Alıntı, Beauvoir’nın Kadın/Genç Kızlık Çağı’ndan (bendeki örneği ile, Payel Y., 3. Basım, 1974, s. 28’den) yapılmıştır. Bu vesile ile üniversite yıllarımda çok değerli çevirilerini okuma şansı bulduğum Bertan Onaran’ı da saygı ve şükranla anmak isterim.
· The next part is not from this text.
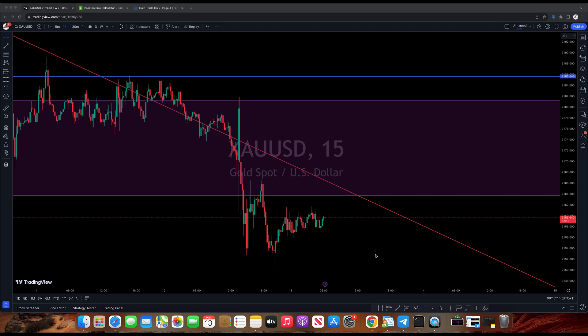This is my daily analysis on gold, GBPUSD, and EURUSD. This is what I'm looking out for in today's trade.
(5) Paris’te Son Tango, kırklarının sonundaki (Amerikalı) erkekle yirmi yaşındaki genç Fransız kadın arasındaki ilişkiyi (anlatı zamanındaki kendilerini verilendiren kişisel/ toplumsal tarihçeleri ile birlikte) irdeleyen bir filmdir. Adamın, Amerikalı ve ‘olgun’ erkek olarak seçilmişliğinin (Fransa’nın imgesel karşılığına dair, Pierre Bourdieu’nün Eril Tahakküm [Bağlam Y., 2014, çev. Bediz Yılmaz] çalışmasında söylediklerini de hatırlayalım) ötesinde, kadını adıyla dahi olsun bir kimlik/ kendilik olarak tanımayan mutlak belirleyici ve mütehakkim (‘libido dominandi’) eril tavrının (küçük-burjuva) genç kadının şahsında tam bir edilgenlikle yeniden üretilişinin (‘libido dominantis’) hikâyesi olarak (ve müthiş ayrıntıları ile) sıra dışı bir filmdir, Paris’te Son Tango. Üstelik, güya, (bir vakitler) ‘devrimci’, eril tahakkümün üretildiği tüm kurumlara (aile, kilise, ordu, okul) şiddetle karşı olan adamımızın tahakkümün âlâsına soyunmuşluğunun -dikkatle bakılırsa- kendi ile barışık bir erkeklikten nasipsizliğinin (o ‘hazin çaba’nın) mahsulü olduğunu işaret edişiyle de ayrıca kıymetlidir film. (Virginia Woolf’un, Deniz Feneri’nde -kadın bakışıyla- ortaya koyduğu -anılan nasipsizliğin bir başka türü olarak- Mr. Ramsey’i de hatırlayalım mesela; Bourdieu’nün de hatırlattığı üzere.) Dahası; adamın genç kadının şahsında -ilişki içinde- dönüştürmeye çalıştığı hayatın, genç kadının (Cezayir sömürge savaşçısı albay) babasının silahı ile (adamın şahsında) sonlandırılması da, mesnetsiz ve samimiyetsiz ‘devrimci’ müdahalenin akıbetine dair bize bir şey söylüyordur herhalde. Öte yandan; dedikodusunu yaptığımız ‘tereyağı’ sahnesinin, -bir yönetmen tavrı olarak- film içinde film tarzında işlenmiş oluşunun da filmimize ayrı bir ilginçlik kattığını belirtmeden geçmeyelim. Genç kadının nişanlısı, buluşmalarını, -nişanlısının rızası olmadan- ‘Bir Kızın Portresi’ isimli televizyon filminin sahneleri olarak çekmektedir ve genç kadının tepkisi şöyledir: “Sen bir alçaksın, hainsin!” (Ha; ‘tereyağı’ sahnesinin fikir babası Marlon Brando’yu, yaşamöyküsünün işlendiği Listen to Me Marlon [2015, Stevan Riley] isimli belgesel filmde izlemek de ayrıca kıymetli olacaktır kanımca.)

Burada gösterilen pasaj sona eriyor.